Jason Frederick (born November 29, 1970) is a Canadian multi-instrumentalist and composer of music for films and television, based in Colchester, UK.

==Early life and education==

Frederick was born in Sudbury, Ontario. He was educated in Canada and the United States. He studied under composers Christopher Young, David Raksin, and Elmer Bernstein at the USC Thornton School of Music, as well as receiving private study with Leonard Rosenman and Joe Harnell.

==Career==
Frederick performed with the alternative rock band The Walk from 1987 to 1996, and continues to record under the name Lomax!.

His film work includes Dawg, starring Denis Leary and Elizabeth Hurley, and 2BPerfectlyHonest, starring John Turturro and Robert Vaughn, as well as contributions to Richard Gibbs' scores for the films Big Momma's House, 28 Days, and Like Mike.

He composed the music for the television show Darcy's Wild Life, starring Sara Paxton. Other television credits include Disney's The Replacements, and the ABC Family network's Slacker Cats.

Frederick also provided additional score for Disney's 101 Dalmatians II: Patch's London Adventure, which won the 2003 DVDX award for best musical score. He provided music for the 2007 comedy-horror film Terror Tunes 2.

His music has been part of the television programmes How Clean Is Your House?, Good Girls Don't, Dirty Jobs, America's Got Talent, Oprah's Big Give, Property Ladder, Ace of Cakes, Survival of the Richest, The Amazing Race, Lassie's Pet Vet, I Didn't Know I Was Pregnant, and Wedding Central.

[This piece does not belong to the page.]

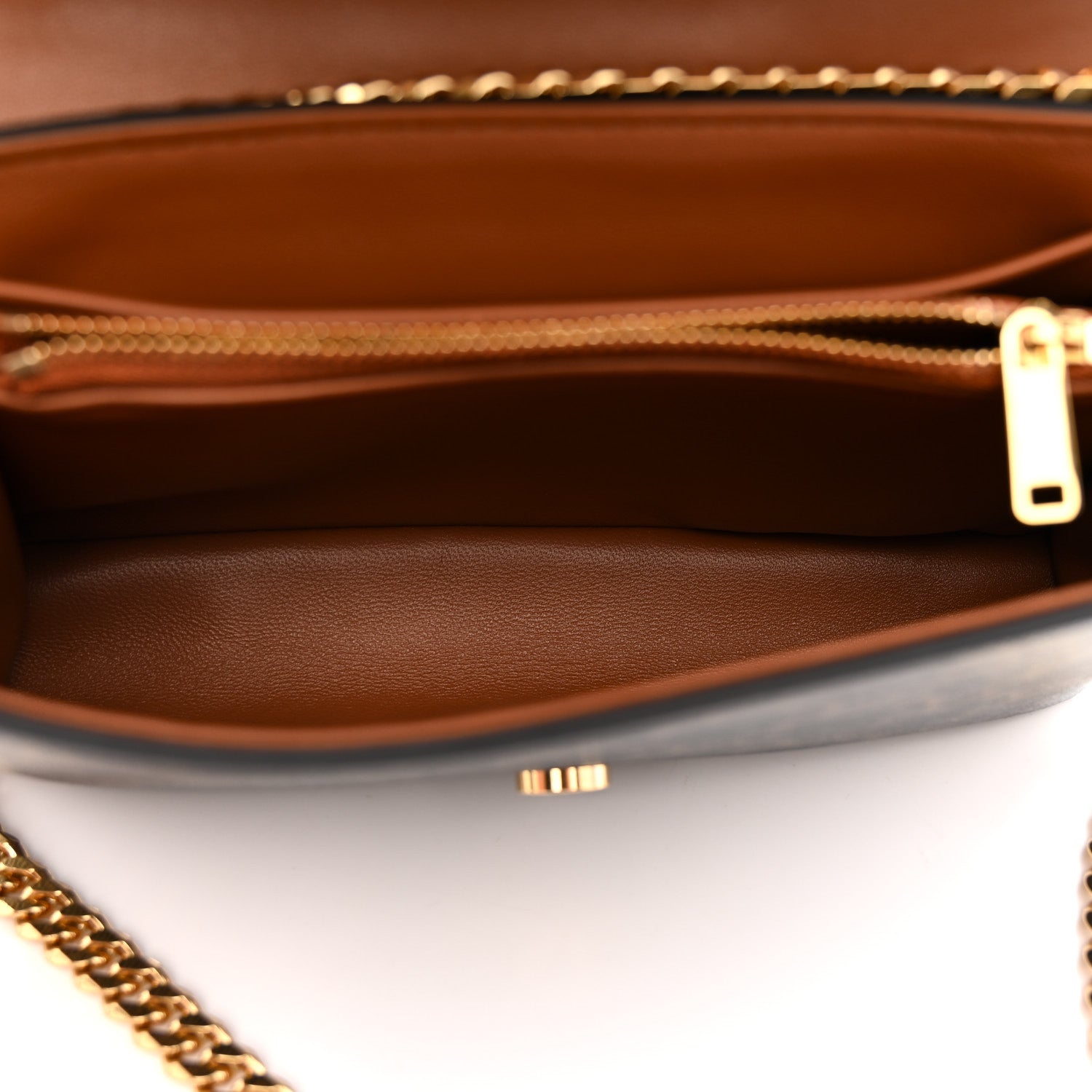 Celine Triomphe shoulder bag interior view with tan lining and gold zipper pull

In addition to film and television, Frederick has also scored television advertisements, promotional trailers, and documentary subjects. He also composed and performed the wraparound segments for Showtime's On The Edge, and the opening theme for psychic Sylvia Browne's live stadium appearances.

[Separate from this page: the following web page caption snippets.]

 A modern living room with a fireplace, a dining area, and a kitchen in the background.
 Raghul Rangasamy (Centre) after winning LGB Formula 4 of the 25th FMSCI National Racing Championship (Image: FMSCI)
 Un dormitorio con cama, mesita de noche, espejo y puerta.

He has played on recordings with artists Billy Preston, and Peter Thomas, and has played on soundtrack sessions for film and television.

In about 2010, Frederick moved to Colchester, United Kingdom, where, with his band The Cinematic Trio, he has presented a series of shows mixing musical performances with film sequences.

In 2012, Frederick recorded with the band Death by Chocolate on their album Brick-a-Brac. In 2015 his album Mods and Coppers received airplay on community radio in Ontario.